Prior to the Raytheon-UTC merger, the prevailing wisdom among analysts was that a transaction of such size was not possible due to antitrust concerns or national interests. In fact, many ambitious M&A deals in aerospace have gone by the wayside during the past 25 years. Five in particular, amounting to over $200 billion in total enterprise value, stand out. Had they happened, the industry today would be almost unrecognizable.

 ❶ In 1997, Norm Augustine, then chairman and CEO of Lockheed Martin, announced the proposed $11.6 billion acquisition of Northrop Grumman. The resulting entity would have had $37 billion in revenue and 230,000 employees. The U.S. Justice Department, with strong support from the Pentagon, filed suit in U.S. District Court to block the transaction, as the combined company would have accounted for 28% of the Defense Department’s procurement and research, development, test and evaluation budget. The deal was called off eight months later as “tension was rising with our biggest customer,” said Vance Coffman, Augustine’s successor.

❷ In 2000, Jack Welch, then chairman and CEO of GE, launched a last-minute $49 billion bid to acquire Honeywell International. GE’s bid topped UTC’s $40 billion offer, which Honeywell was on the cusp of accepting. The GE-Honeywell entity would have combined revenue of $155 billion and 460,000 employees. Due to unexpected rejection by the European Commission, GE and Honeywell terminated their merger agreement, even though it had been approved by the Justice Department.

❸ In 2007, French daily La Tribune reported that Thales and Safran were preparing to restart on again/off again merger plans. The pairing would have created the second-largest global aerospace equipment supplier after GE, with annual sales of $34 billion. In its quest to create French global aerospace and defense industry leaders, the French government reportedly encouraged EADS (now Airbus) to acquire Thales in 2004. But neither happened.

❹ In 2012, EADS and BAE Systems announced a $48 billion merger. Under the proposed agreement, EADS shareholders would have owned 60% and BAE shareholders 40% of the merged entity. The combined company would have had $90 billion in revenue and 220,000 employees. However, the proposed merger of the UK’s largest defense contractor with EADS drew the attention of European governments eager to protect their respective national interests. The UK and French governments gave tacit approval, but Angela Merkel, then German chancellor, was “philosophically opposed” to the transaction, which led to its eventual collapse.

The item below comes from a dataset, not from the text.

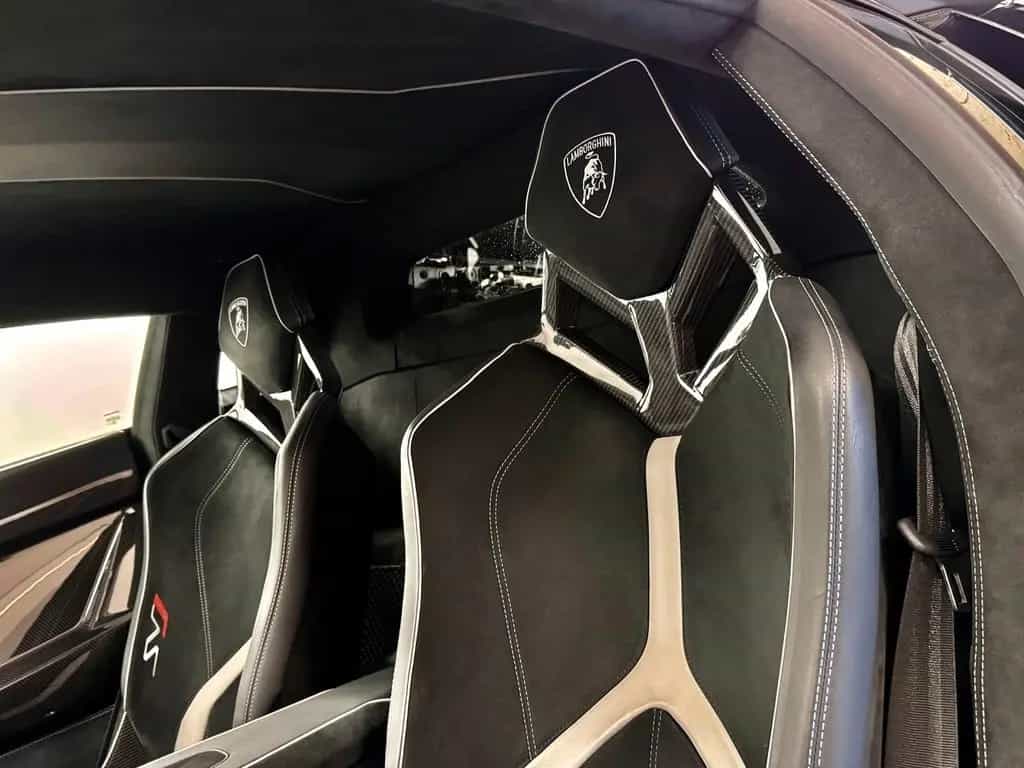 Lamborghini Aventador SVJ LP-770 Grigio-Titans Carbon *TOP* 04/2019-photo-5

❺ In 2016, Honeywell proposed a $90.7 billion merger with UTC, comprising $35.8 billion in cash and $54.9 billion in Honeywell stock. The combined company was expected to generate $3.5 billion in cost synergies and $97.1 billion in annual sales. Hayes, then UTC chairman, firmly rejected the deal, stating that the offer “grossly undervalue[d]” UTC, overstated potential synergies and would simply have not been allowed by regulators.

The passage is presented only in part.